Si alza il sipario sul Giro d’Italia: oggi la presentazione a Pescara

Stasera la sfilata dei 176 corridori in piazza Salotto e sabato la prima tappa con la Fossacesia-Ortona Per la cronometro sulla Costa dei trabocchi Ganna fiuta il colpo: non vedo l’ora di correre in Abruzzo
PESCARA. Si alza il sipario sul Giro d’Italia. Stasera, a partire dalle 20, in piazza Salotto a Pescara festa grande per il “Team Presentation”, con la sfilata dei 176 corridori al via in rappresentanza di 22 squadre. «Sarà uno spettacolo per Pescara e l’intero Abruzzo», ha detto Maurizio Formichetti, il referente Rcs Abruzzo. E lo spettacolo inizierà stasera e finirà la prossima settimana, quando la carovana rosa arriverà (venerdì 12) a Campo Imperatore per il primo “tappone” di montagna che darà una bella sconquassata alla classifica generale. Da quella tappa si capirà chi davvero potrà puntare alla vittoria della 106ª edizione del Giro. Ma prima della tappa di montagna ci saranno tre frazioni in salsa abruzzese. Si inizia sabato con la frazione che terrà a battesimo il Giro: la cronometro Fossacesia-Ortona. Poi domenica la Teramo-San Salvo e il giorno seguente la Vasto-Melfi. Per l’Abruzzo sarà un Giro particolare perché mancheranno al via Giulio Ciccone e Dario Cataldo, entrambi della Trek-Segafredo. Il teatino Ciccone è stato fermato dal Covid, il miglianichese Cataldo, invece, è alle prese con la riabilitazione dopo l’incidente al Giro di Catalogna.
Corsa contro il tempo. Il via, dunque, verrà dato sabato dal lungomare di Fossacesia marina per poi affrontare la ciclabile della costa dei Trabocchi fino all’arrivo nel centro di Ortona, per 19,6 km di spettacolo puro. Il tifo sarà tutto per l’azzurro Filippo Ganna della Ineos Grenadiers, che proverà a prendersi la prima maglia rosa. «Sono felice di essere al Giro», ha detto il campione azzurro. «La cronometro di apertura mi offre ancora una volta l'opportunità di iniziare in modo molto positivo, i preparativi sono andati bene e non vedo l'ora di arrivare a Fossacesia sabato.
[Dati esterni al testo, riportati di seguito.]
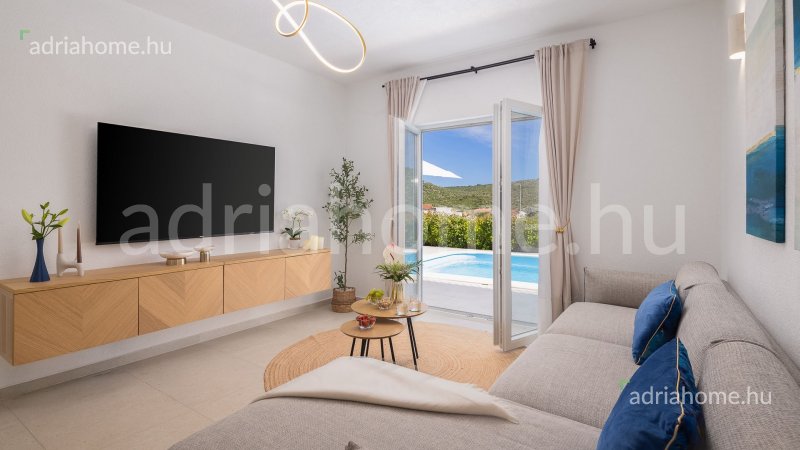 Rogoznica - Exkluzív villa medencével a Marina Frapa közelében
Amo correre in Italia davanti ai miei tifosi». Ganna sarà un cacciatore di successi parziali, perché per la classifica finale in casa Ineos ci sono Tao Geoghegan Hart (che un Giro lo ha già vinto) e Geraint Thomas.
I favoriti. Il primo rivale di Ganna nella crono, però, sarà il campione del mondo Remco Evenepoel (Soundal Quick-Step), che è anche il grande favorito del Giro. «I miei risultati convincenti nel giro degli Emirati Arabi, nel giro di Catalogna e a Liegi», il commento del belga Evenepoel, «dimostrano che sono in buona forma. È quindi abbastanza logico che io sia considerato uno dei due favoriti. Credo che tra me e Primoz Roglic sia 50-50. Comunque potrò contare su una squadra molto solida. Siamo tutti motivati e preparati». Ovviamente fari puntati anche su Primoz Roglic (Jumbo Visma), che ieri ha perso un suo fidato “scudiero”, ovvero il norvegese iridato a cronometro Tobias Foss bloccato dal Covid.
I team al via. Ecco le 22 squadre al via: Ag2 Citroen, Alpecin Deceuninck, Astana Qazaqstan, Bahrain Victorious, Bora Hansgrohe, Cofidis, Eolo Kometa, Bardiani CSF Faizané, Groupama FDJ, Ineos Gernadiers, Intermarché Circus Wanty, Israel Premier, Jumbo Visma, Movistar Team, Soudal Quick Step, Team Arkea Samsic, Team DSM, Team Jayco AlUla, Trek Segafredo, UAE Team Emirates, EF Education Easypost e Team Corratec.